The Bryant Building is a 26-story office building located at the corner of 11th and Grand Avenue in Kansas City, Missouri. Completed in 1931, it is considered a distinctive example of Art Deco architecture in Kansas City. It was placed on the Kansas City Register of Historic Places listed on September 27, 1979 and was listed on the National Register of Historic Places in 1989.

The Bryant Building was designed by the Chicago firm of Graham, Anderson, Probst & White. The design is an adaptation of Eliel Saarinen's second-place design in the 1922 Chicago Tribune Tower design competition. Along with the former Federal Reserve Bank building, it is one of only two buildings designed by Graham, Anderson, Probst, and White in Kansas City.

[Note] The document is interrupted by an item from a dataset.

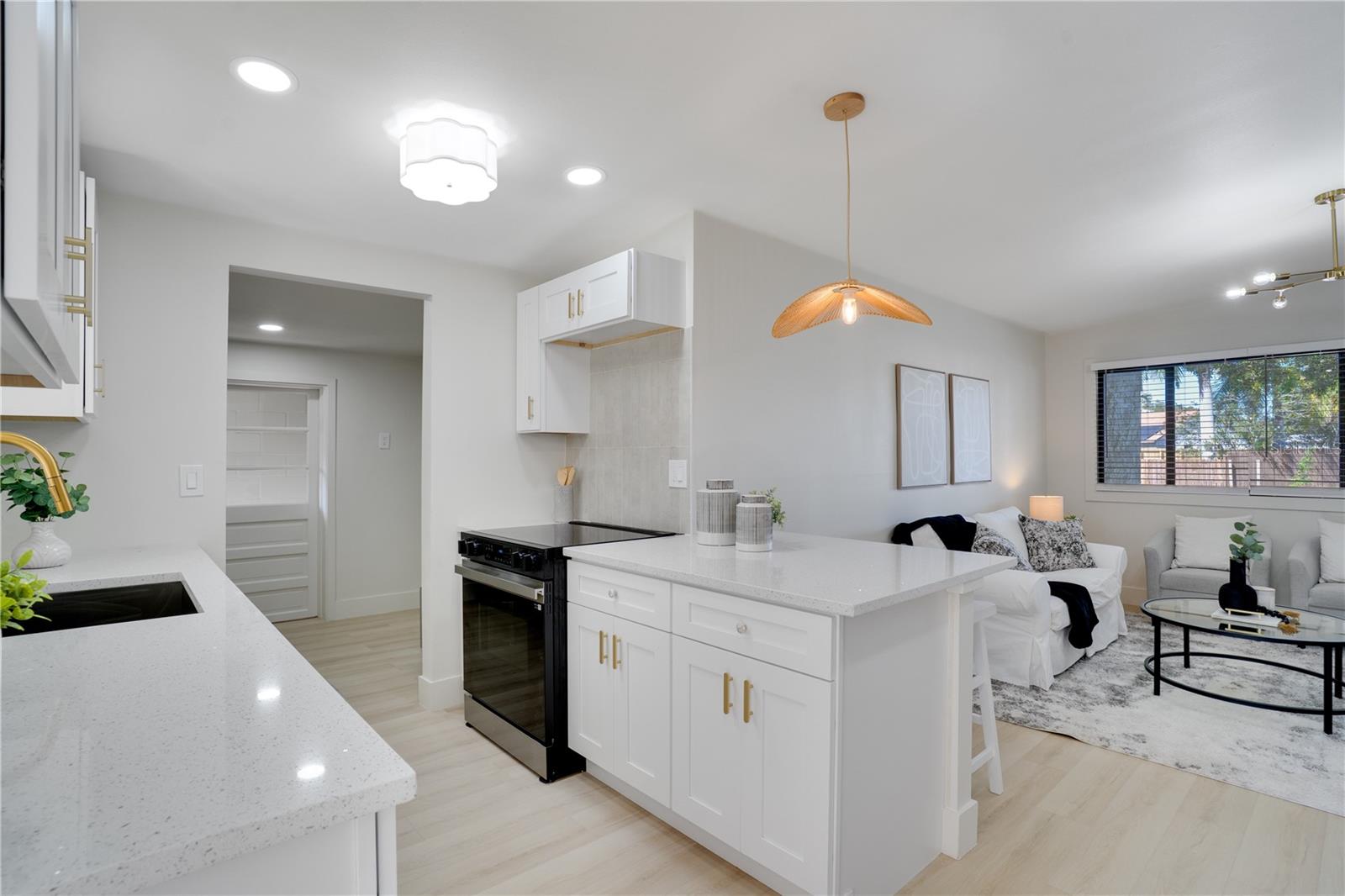 Image 10 of 31 For 474 Dawson Avenue Ne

The cornerstone of the building contains family records placed there by the heirs of Dr. John Bryant. Bryant and his wife, Henrietta, received the land the building sits on as a wedding gift from her father in 1866. The original Bryant Building was built in 1891 at the corner of Petticoat Lane and Grand Boulevard, before being razed in 1931 and rebuilt as the current building. The original building, designed by Van Brunt and Howe of Kansas City, was highlighted in Architectural Review as "one of the best lighted and ventilated office buildings in" the city.

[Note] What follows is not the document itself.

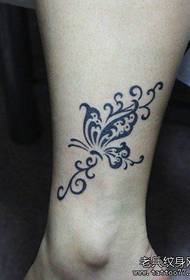 足の女の子の美しいトーテムバタフライタトゥーパターン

Today the building is used as a "carrier hotel", housing multiple web servers to help power the fiber-optic internet in the city. The building underwent a $7 million renovation to improve power and cooling systems in order to fulfill its new role.

Architecture
The Bryant Building won both the Kansas City Business League and the local American Institute of Architects Chapter awards in 1931.

Construction
Commissioned to replace an existing seven-story Bryant building on the same site, construction on what newspapers dubbed "Bryant tower" began in 1930 and was completed in 1931. The builder was Thompson-Starrett of Chicago.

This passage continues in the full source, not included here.